What you have to do - Return the listing verbatim, images left out.

The data -
*-*-*

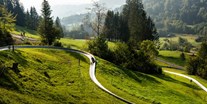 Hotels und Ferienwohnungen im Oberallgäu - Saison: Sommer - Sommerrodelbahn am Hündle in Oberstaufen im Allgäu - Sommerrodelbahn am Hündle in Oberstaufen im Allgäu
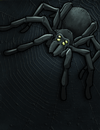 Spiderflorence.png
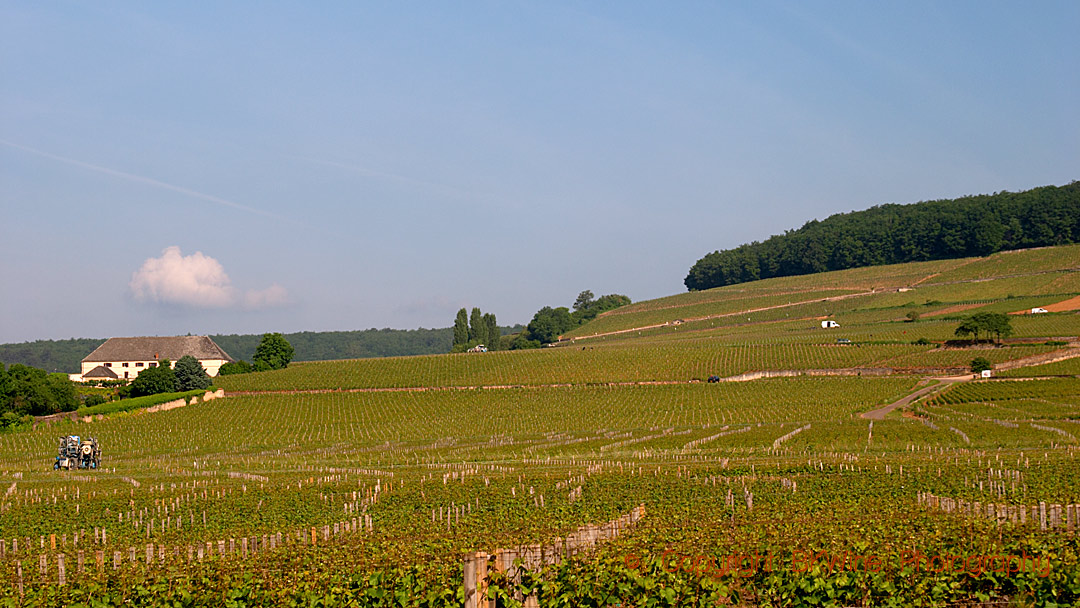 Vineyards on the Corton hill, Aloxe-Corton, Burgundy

*-*-*

Exercise output -
 Hotels und Ferienwohnungen im Oberallgäu - Saison: Sommer - Sommerrodelbahn am Hündle in Oberstaufen im Allgäu - Sommerrodelbahn am Hündle in Oberstaufen im Allgäu
 Spiderflorence.png
 Vineyards on the Corton hill, Aloxe-Corton, Burgundy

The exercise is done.